En Ontario, l'affaire du curé Charles Sylvestre a aussi fait grand bruit. À 82 ans, en 2006, il a commencé à purger trois ans de prison pour avoir été le prédateur, pendant quatre décennies, de 47 jeunes paroissiennes. Ce scandale a d'autant plus choqué que ses supérieurs avaient su qu'il commettait des agressions et l'avaient simplement muté dans un autre diocèse.

Gare aux raccourcis

Carolyn Sharp, professeure de théologie à l'Université Saint-Paul, à Ottawa, croit que cette nouvelle affaire est dévastatrice pour l'image de l'Église, mais tout de même moins que d'autres ayant mis en lumière la complicité tacite de la haute hiérarchie.

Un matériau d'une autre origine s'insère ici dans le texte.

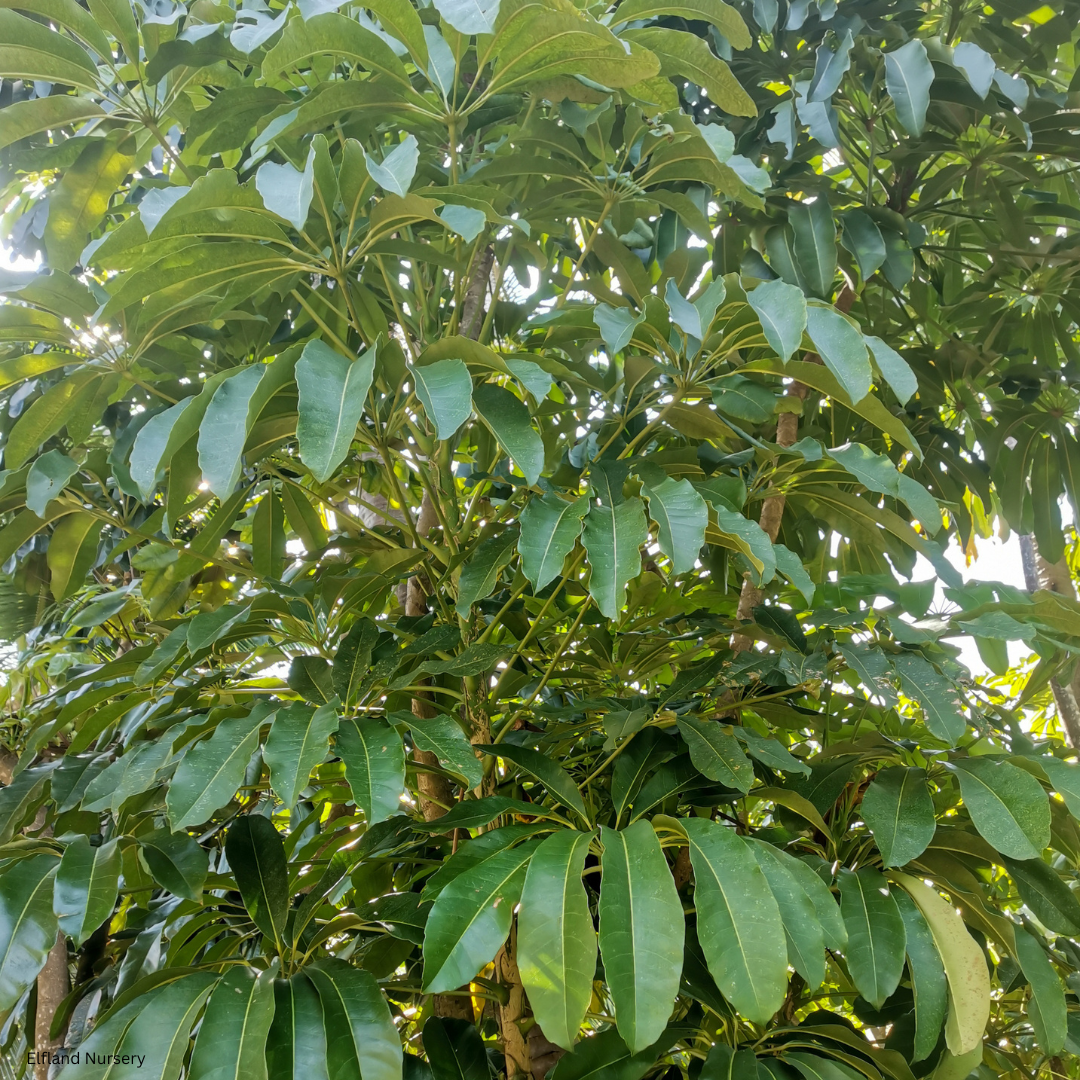 Tupidanthus calyptratus (Schefflera pueckleri, Finger Leaf Umbrella Tree ) - 1000 Seeds - Bulk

Elle juge cependant inapproprié de voir dans ces nouvelles accusations la preuve du caractère malsain du célibat des prêtres. «Il y aurait sans doute lieu de refaire ce débat, mais il n'y a pas ici de cause à effet. En 2008, selon Statistique Canada, il y a eu au pays 1408 infractions liées à la pornographie juvénile. Or, chaque fois qu'un membre du clergé est touché par ces infractions, ça fait grand bruit et je n'ai pas entendu dire qu'il y a eu quantité de curés sur le lot cette année-là. La pornographie juvénile, ça reste le plus souvent le fait d'hommes en couple.»

Par ailleurs, Mme Sharp attribue aux lois canadiennes le fait que l'Église canadienne ait été tout de même plus épargnée que celle des États-Unis par les scandales sexuels. «Dans les années 80, au nom de la liberté religieuse, plusieurs États n'imposaient pas aux membres du clergé de dénoncer les cas d'agressions sexuelles dont ils avaient connaissance. À l'inverse, les lois canadiennes ne prévoyaient aucune exception et cette obligation légale a toujours été très présente dans l'esprit des membres du clergé d'ici.»

Jean-Claude Ravet, rédacteur en chef de la revue jésuite Relations, croit pour sa part que cette nouvelle affaire confirme la nécessité pour l'Église de cesser «de se draper dans des prétentions de sainteté» pour plutôt convenir que ses membres sont aussi humains que qui que ce soit.

Pour le reste, M. Ravet met en garde contre les dangers de généralisation. «Ce n'est pas parce qu'un évêque est sous le coup de telles accusations qu'il faut soupçonner tous les évêques.»